Abstract

A key feature of The Politics of the Body is its success in highlighting a series of contradictions within contemporary feminism, and some of its analysis certainly goes to the core of what ought to be contemporary feminism’s central political and epistemological agenda. The timeliness of Phipps’s critique of contemporary feminism is proved by the relevance of nuances in her arguments to various recent news stories, including the recent media coverage of the Oscar Pistorius case. Reading the book helped me revisit my feminist perspective on a diverse range of debates—including female genital cutting, honor killings, and the wearing of the hijab—and question increasingly popular positions on sex work where, as the author argues, “the original radicalism of [sex work] politics have been blurred by the mainstreaming and corporatizing of the sex industry” (p. 77). The book engages with significant questions; however, I am not certain (as the author herself recognizes) that it offers many answers.
The central thesis of this book is that in its current state, feminism faces a series of “problematic developments” informed by what she observes to be an increasing connection between feminism and the mainstream discourses of neoliberalism and neoconservativism. These challenging developments include a focus on women’s agency and identity at “the expense of examining framing structures” (p. 3); a feminist reluctance to return to “victim”-based rhetoric and instead appear to advance the neoliberal construct of individual responsibility; and, finally, a lack of structural critique within “radical” movements in the areas of sexuality and health that appear to often adopt practices of “the capitalist market [and] the material and discursive framing of contemporary femininities” (p. 3). Methodologically, the justification around the choice of case studies can initially appear arbitrary, though by the end of the book, the reader comes to recognize the links between the explored themes, appreciating what the author sees as a “genealogy” into the advancement of a “political sociology of the body” (p. 8).
In chapter one, we find an exploration of the links between women’s bodies and discourses of neoliberalism and neoconservativism. In this analysis, I was hoping to see a more historically bound comparison between neoliberalism and liberalism, particularly as the author seeks to trace a link between feminism and (neo)liberalism. In the second chapter, Phipps explores the contemporary controversies around instances of sexual violence and victimhood. She illustrates the impact of ideological hierarchies found within what can loosely be termed the “left,” whereby feminist activism appears to often fall secondary to other structurally based discourses (such as Anti-American rhetoric or socialist politics).

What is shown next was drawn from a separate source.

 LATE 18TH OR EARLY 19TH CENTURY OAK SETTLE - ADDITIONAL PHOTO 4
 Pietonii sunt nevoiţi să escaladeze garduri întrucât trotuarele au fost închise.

Less convincing, however, is her argument that, ensuing neoliberal discourse, feminists have moved away from a victim-focused agenda. Arguably, neoliberal discourse itself is increasingly focusing on a politics of victimization, as many examples in criminal justice politics and practice can reveal. Indeed, the (feminist) criminological literature has been tellingly reflexive in showing that discourses of individual responsibility and victimization often enmesh (rather than exist as a clear-cut duality). Thus, there is a relational and interactionist layer to such discourses of victimization and responsibility, which the author neglects at the expense of precision and empirical evidence, and which uncritically appears to advance a logic of law and order as the main way through which to tackle violence against women—arguably, a neoliberal/neoconservative position in itself. Similarly, in the theme explored by Phipps in chapter three, we see a daring critique of “third wave” feminists’ focus on intersections of difference when discussing the relationship between gender and Islam.

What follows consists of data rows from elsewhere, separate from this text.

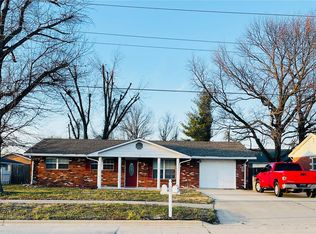 1013 W County Rd, Jerseyville, IL 62052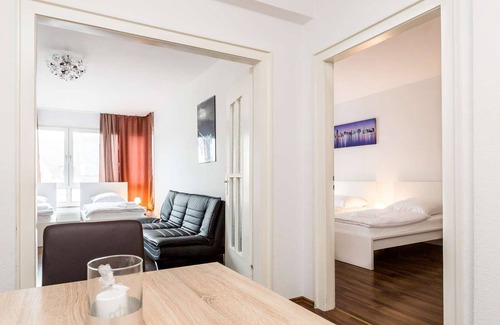 Golzheim Apartment | HÖ01 large apartment with dryer and washing machine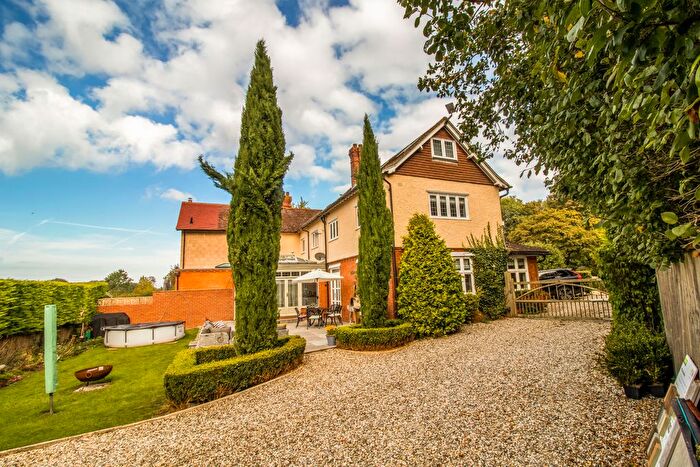 3 Bedroom Semi-Detached House For Sale In South Lodge, The Avenue, Swindon, SN6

Overall, Phipps’s book is thought-provoking, caustic, and self-reflexive, as its wide range of themes reflect both breadth and depth in analytic scope. Phipps engages with concepts that have concerned feminist academics and activists for decades, and thus they should read this book. Although she appears skeptical of what she considers a postmodern pluralism that focuses excessively on issues of particularity, individuality, emotions, and identity, her focus on the female body can be seen as the best example of how the personal is actually political, not “an end in itself” (p. 138). The body’s particularities and lived experiences can expose the social and the structural, while still remaining sensitive to its situated biography and materiality. In other words, perhaps Phipps’s invitation to problematize some of the consequences of feminist engagement with postmodern concepts and methods is a necessary aspect of the movement’s reflexive project. Meanwhile, the suggestion that we ought to return to an intersectionally blind feminism that focuses exclusively on women’s oppression from a structural perspective is, for me, both dangerous and unnecessary, particularly when the binary of structure and agency can be—and has already been—mutually embodied in feminist theory, research, and activism.